Qui sont les principaux émetteurs ?

Par Hugo Le Boulzec



Le terme de « justice climatique » est apparu durant les négociations des COP. En effet, les pays en développement considèrent que le dérèglement climatique constitue une responsabilité historique des pays développés pour leurs émissions passées, et demandent donc à ce titre des compensations. L’engagement des principaux émetteurs constituera ainsi un enjeu crucial des négociations de Paris. Étudions donc la répartition des émissions de CO2 sur la période 1973-2012.



Une domination de l’OCDE


L’Organisation de Coopération et de Développement Économiques fut créée en 1961 et regroupe 34 États. Il s’agit d’une grande partie d’États européens, des États nord-américains et de quelques États d’Asie, d’Océanie et du Proche-Orient. Elle représente donc les principaux pays développés des années 1970 (et encore une majorité aujourd’hui).

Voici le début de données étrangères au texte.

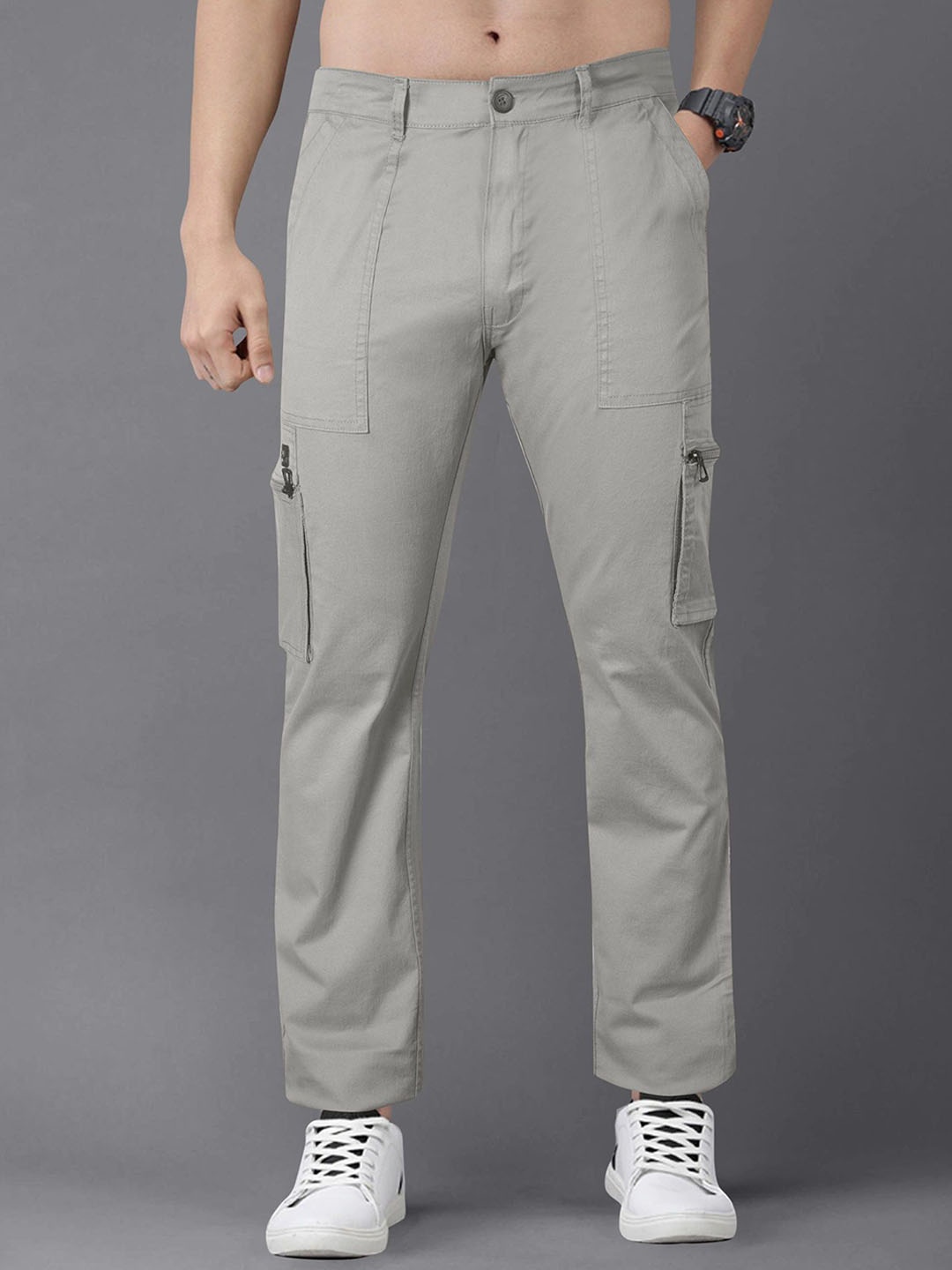 

Jb Just BLACK Men Solid Relaxed Loose Fit Mid Rise Cargos Trousers, Off white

Pour une population avoisinant 24% du globe en 1973, ses émissions représentaient 66% du total (voir graphique 1[1]). La seconde forte proportion (Non-OCDE Europe et Eurasie) prend en compte l’URSS, alors dans une période de fort développement. À ce moment de l’histoire, l’OCDE représentait plus de 80% du PIB mondial.

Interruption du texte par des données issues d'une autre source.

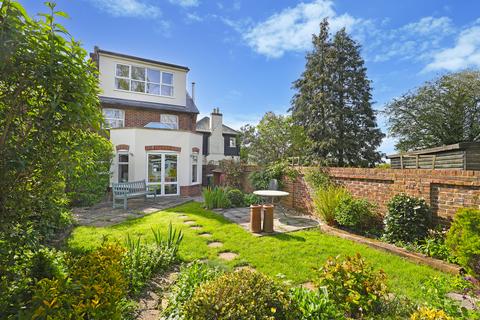 4 bedroom end of terrace house for sale, The Magpies, Epping Green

La période allant de 1973 au début des années 2000 n’a pas marqué de changement majeur, l’OCDE représentant toujours plus de la moitié (53%) des émissions (graphique 2). On note toutefois une émergence de l’Asie et de la Chine, ainsi qu’un quadruplement des émissions du Moyen-Orient. Cela est dû à la surproduction pétrolière caractérisant cette période (après le contre-choc pétrolier et les accords entre l’Arabie Saoudite et les États-Unis), la responsabilité de la consommation ne repose donc que très peu sur le Moyen-Orient.

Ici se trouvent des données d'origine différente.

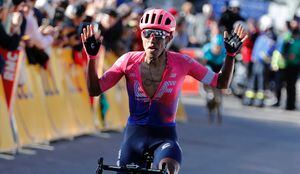 ¡Daniel Martínez lo hizo! El colombiano es segundo en la general de la Vuelta al país Vasco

Un développement effréné des pays hors-OCDE


Le début des années 2000 marque un tournant. On assiste à une accélération de la croissance des principaux pays émergents et à un ralentissement de celle des pays de l’OCDE. Cet inversement des rôles se traduit par une augmentation conséquente de la part des pays hors-OCDE dans les émissions de CO2, surtout en Asie. Les émissions des pays de l’OCDE ont ainsi été doublées par  celles des pays hors-OCDE en 2004, et par celles des 6 principaux pays hors-OCDE[1] en 2011 (graphique 3[2]).

           On observe ainsi un recul des pays membres de l’OCDE dans les émissions mondiales (graphique 4). Cette évolution est à mettre en perspective avec le fait que l’OCDE regroupe des pays aux économies matures, et relativement « modernes » au niveau énergétique. De même, tandis que de plus en plus de pays de membres de l’OCDE développent les énergies renouvelables (et importent les énergies fossiles de l’étranger, notamment hors-OCDE), une partie des puissances émergentes a recours au charbon. La question démographique joue aussi un rôle prépondérant. Sur la période 2000/2012, la population des pays de l’OCDE a augmenté de 8,7% tandis que celle des pays hors-OCDE a bondi de 17,6% [1], et la taille des populations influe fortement sur les émissions (voir graphique 5).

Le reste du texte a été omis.